= TASK TO COMPLETE =
Using the data below, reproduce exactly the lines from the line with "Bimikaishoku Shiosai no Yu Mikaku" to the line with "ADRIA MATRIX SUPREM 670 DC PAVILLON full", both included; pictures must be dropped.

= DATA EXCERPTS =
- Opening Delimiter -

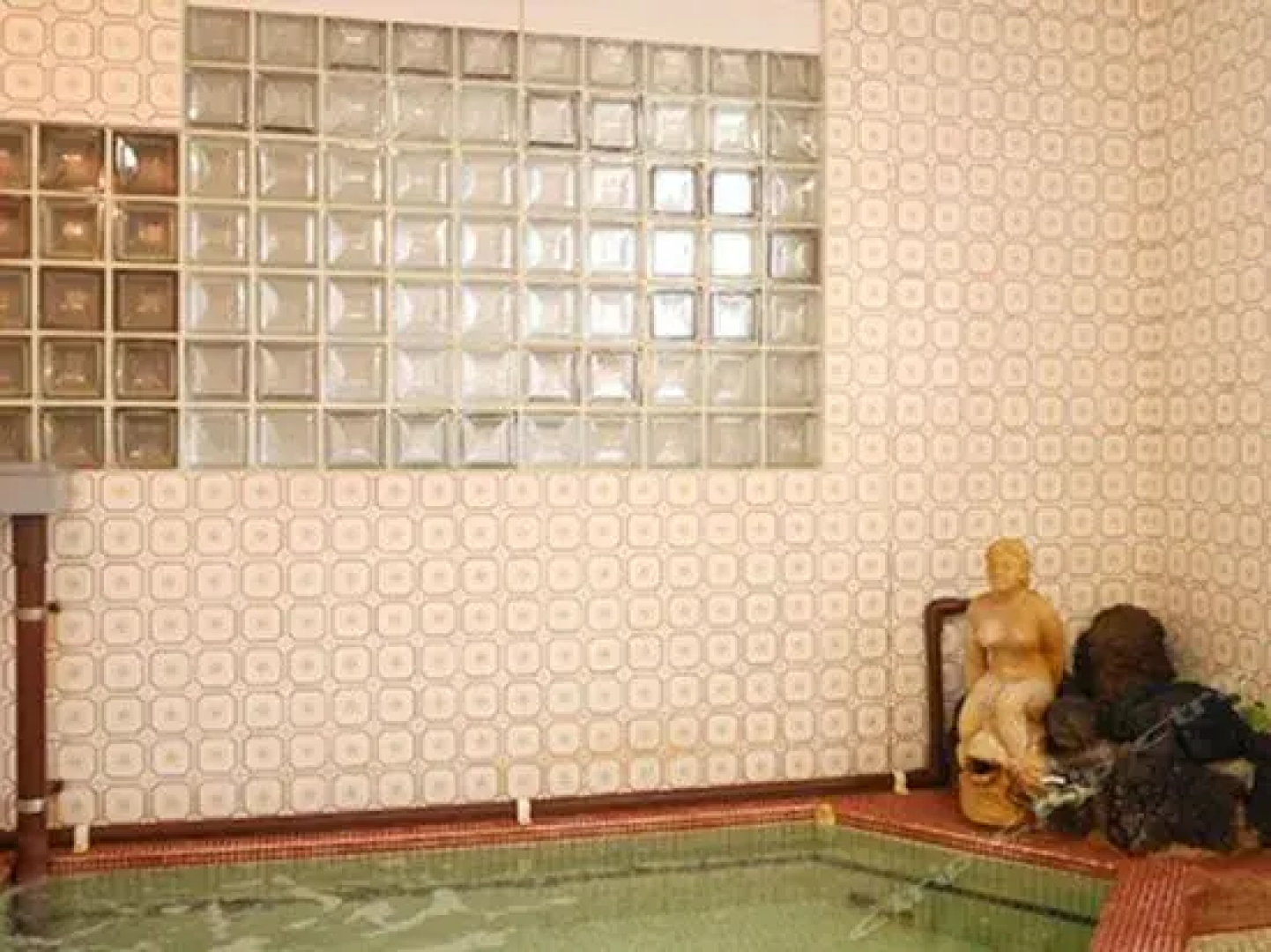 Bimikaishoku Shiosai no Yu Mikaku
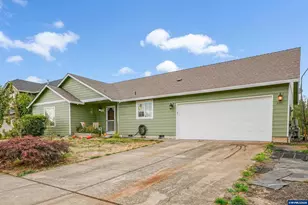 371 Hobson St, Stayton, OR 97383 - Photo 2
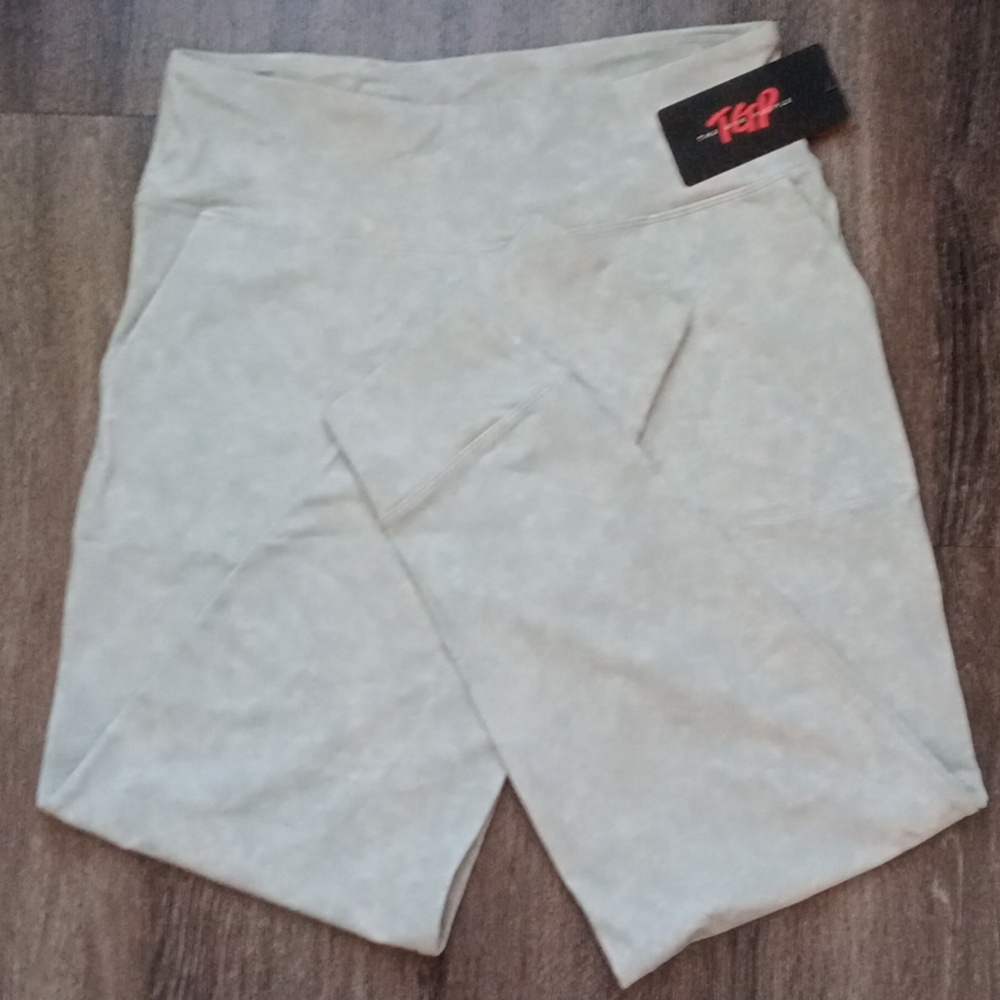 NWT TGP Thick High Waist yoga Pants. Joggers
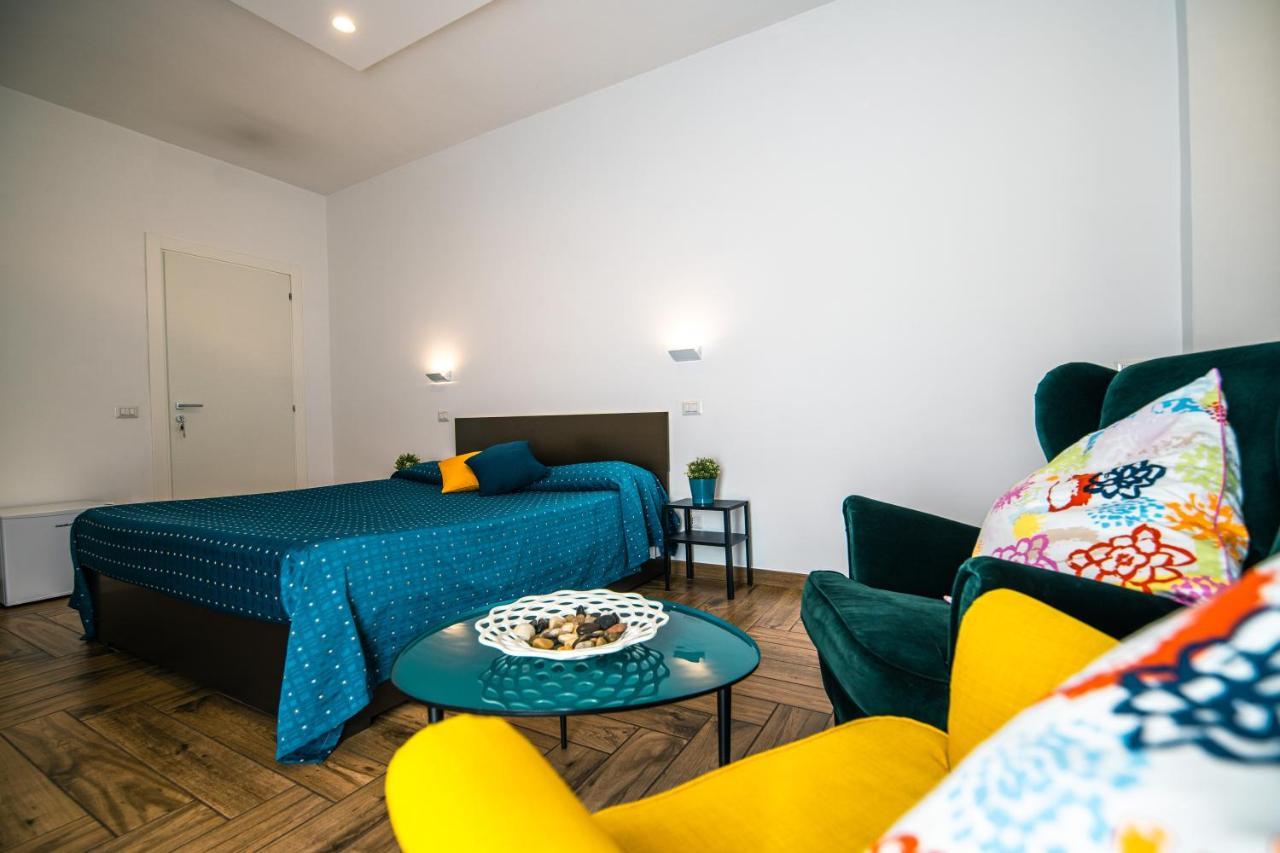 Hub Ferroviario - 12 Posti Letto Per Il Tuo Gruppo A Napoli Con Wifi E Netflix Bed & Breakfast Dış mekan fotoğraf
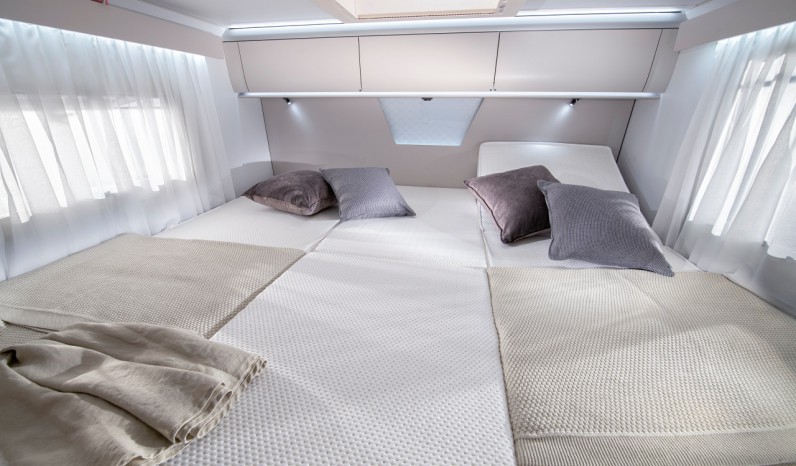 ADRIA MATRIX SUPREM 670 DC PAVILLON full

- Closing Delimiter -
- Opening Delimiter -

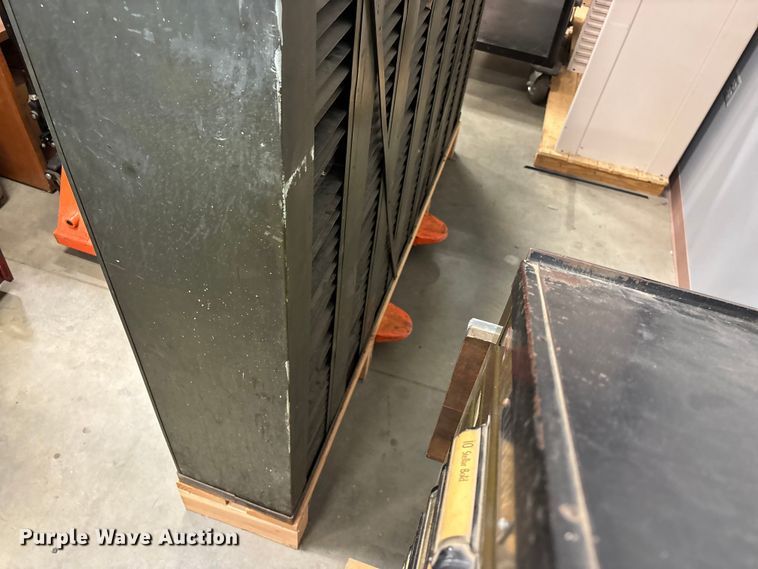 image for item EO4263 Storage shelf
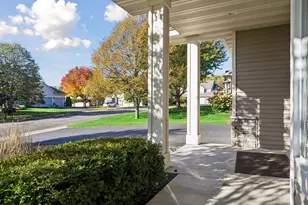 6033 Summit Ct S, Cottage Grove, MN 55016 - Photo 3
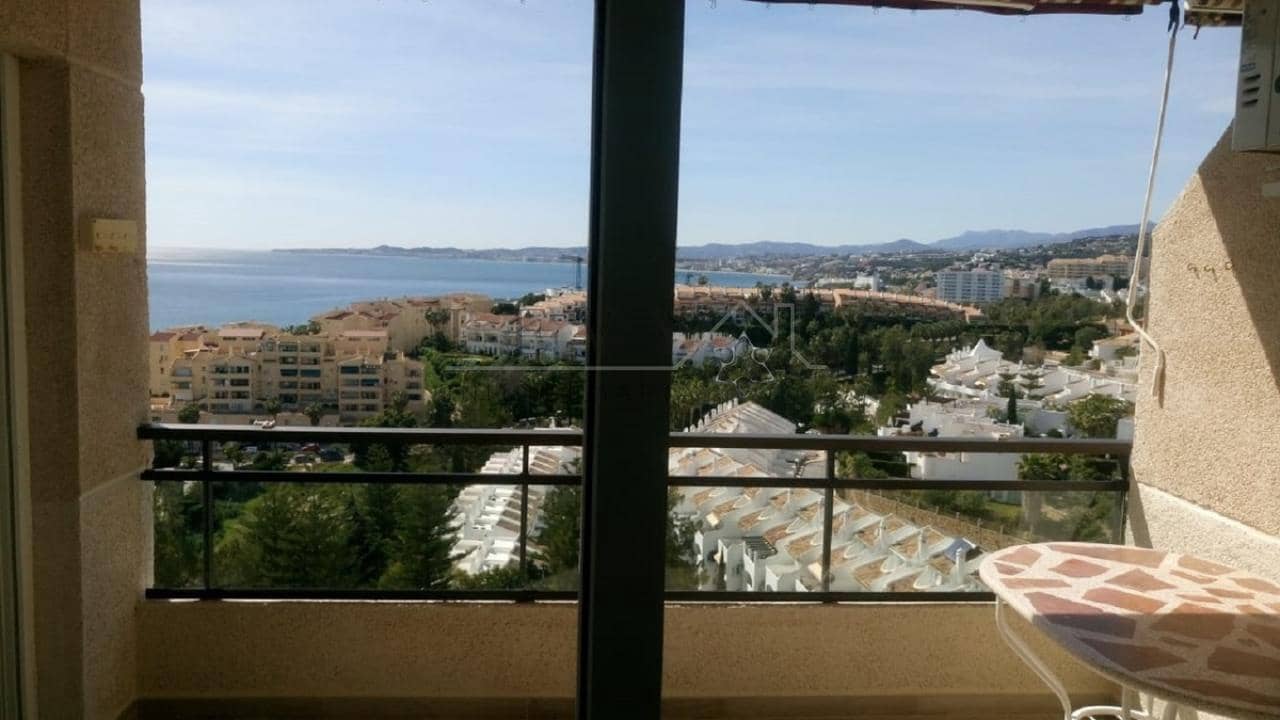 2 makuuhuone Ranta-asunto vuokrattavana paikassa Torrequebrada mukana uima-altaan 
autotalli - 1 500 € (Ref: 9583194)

- Closing Delimiter -

= WRITTEN RESPONSE =
 Bimikaishoku Shiosai no Yu Mikaku
 371 Hobson St, Stayton, OR 97383 - Photo 2
 NWT TGP Thick High Waist yoga Pants. Joggers
 Hub Ferroviario - 12 Posti Letto Per Il Tuo Gruppo A Napoli Con Wifi E Netflix Bed & Breakfast Dış mekan fotoğraf
 ADRIA MATRIX SUPREM 670 DC PAVILLON full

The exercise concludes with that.